Nous avons dit que le chiffre de trente-cinq mille adopté officiellement pour les victimes de la répression de Versailles ne peut être pris comme réel.

La lettre de Benjamin Raspail à Camille Pelletan, en contient d’indiscutables preuves que nombre d’autres depuis sont venues corroborer.

« Mon cher ami,

» On aura beau faire pour établir le chiffre des morts pendant la tuerie qui a suivi la répression de la Commune, on n’arrivera jamais à en savoir le nombre.

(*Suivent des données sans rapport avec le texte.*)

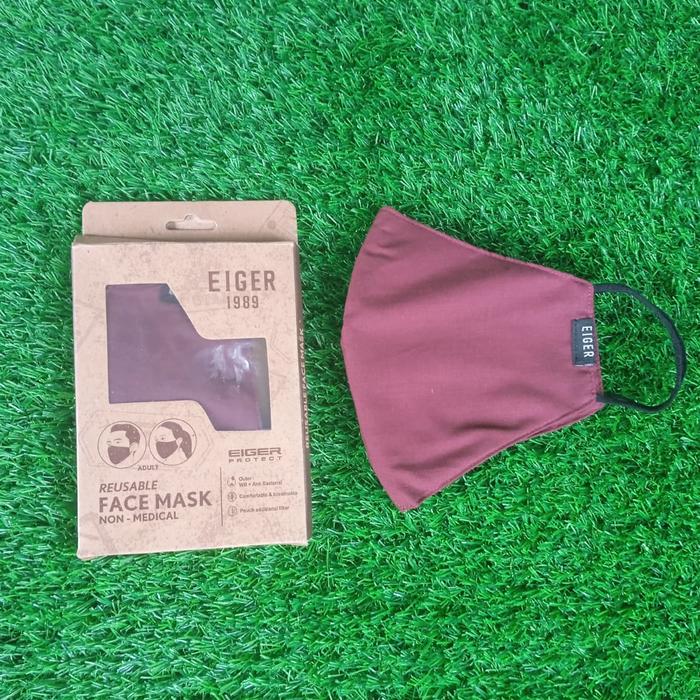 Gambar Masker Eiger Non Medis 2 Layers Face Mask KAI - Original - Maroon dari TD SPEEDSHOP Kab. Tangerang Tokopedia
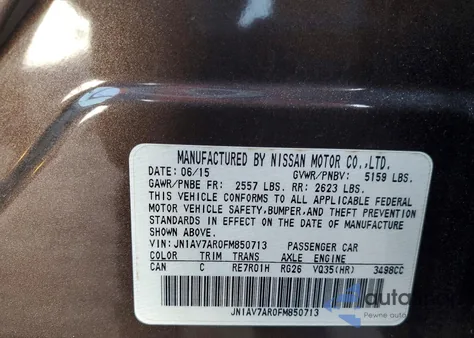 2015 Infiniti Q50 Hybrid Premium z USA, uszkodzony, nr VIN JN1AV7AR0FM850713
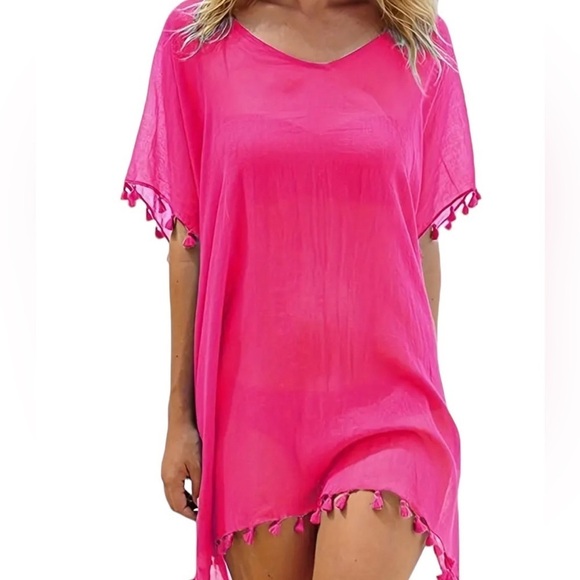 Boho Pink Sheer Summer Cover-Up with Ball Tassel Detail One Size New! - Picture 1 of 9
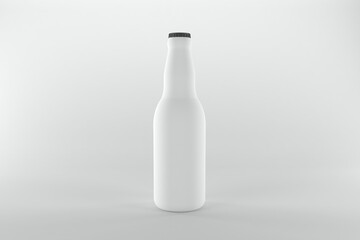 Minimalist white beer bottle mockup perfect for branding, packaging, and refreshing beverage concepts
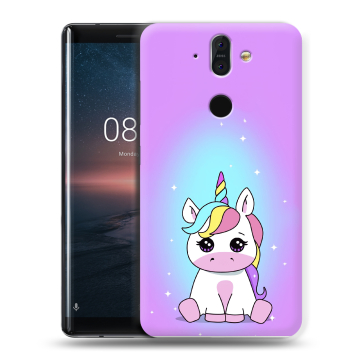 Силиконовый чехол на Nokia 8 Sirocco с принтом Единорог Силиконовый чехол на Nokia 8 Sirocco с принтом Единорог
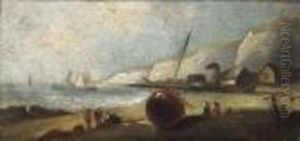 Unloading At Low Tide On The Britanny Coast; And A Britanny Fishingvillage by Charles Euphrasie Kuwasseg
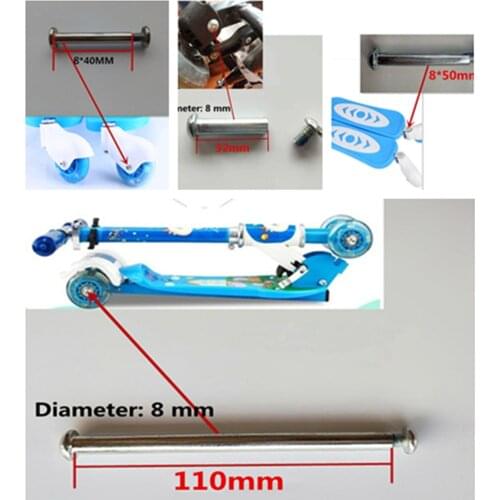 Scooter childrens scooter accessories front wheel screws piercing hex socket axle male and female screws nut bolts Skate Screws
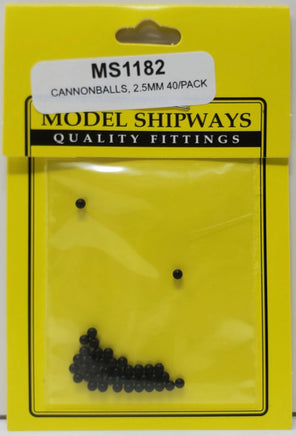 Model Shipways - 2.5mm Cannonball 40 pcs - 1182 - MPM Hobbies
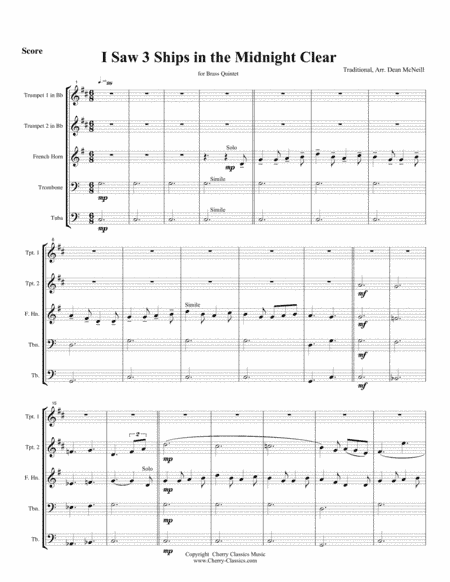 I Saw Three Ships in the Midnight Clear for Brass Quintet (arr. Dean McNeil)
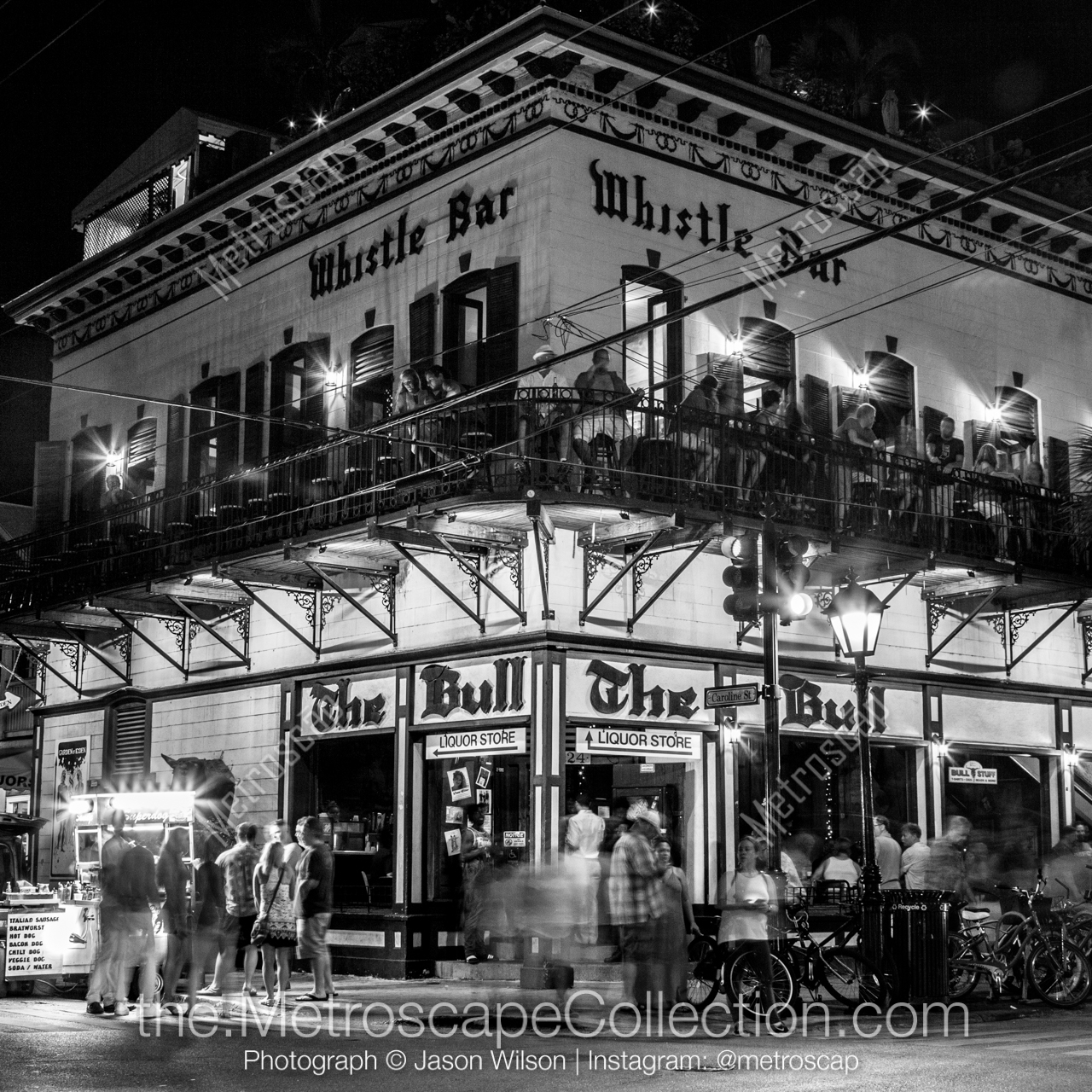 The Bull and Whistle Bar in Key West Black and White Photo in a Matte Black Frame at 22.5-inches by 22.5-inches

» D’après votre article, paru samedi dans la Justice, vous dites qu’il faut évaluer à plus de trois mille cinq cents, les corps enterrés au cimetière d’Ivry.

» Je puis vous garantir que vous êtes singulièrement loin du compte.

En effet, rien que dans l’immense fosse creusée dans ce qu’on appelle le premier cimetière parisien d’Ivry, il y fut enfoui plus de quinze mille corps.

» En outre on fit plusieurs autres fosses, et l’on estimait qu’elles contenaient six mille autres cadavres, soit en tout vingt-trois mille.

» À l’époque je ne tardai pas à être bien renseigné, et les agents de la police qui pendant plusieurs années firent le service pour empêcher les parents et les amis de placer la moindre marque de souvenir sur cette immense fosse, ont toujours dit le premier chiffre lorsqu’on les interrogeait.

» Je puis même ajouter que certains d’entre eux ne cachaient pas combien l’exécution de leur consigne vis-à-vis des parents leur était pénible.

» Le chiffre de quinze mille dans la grande fosse, n’a jamais été mis en doute.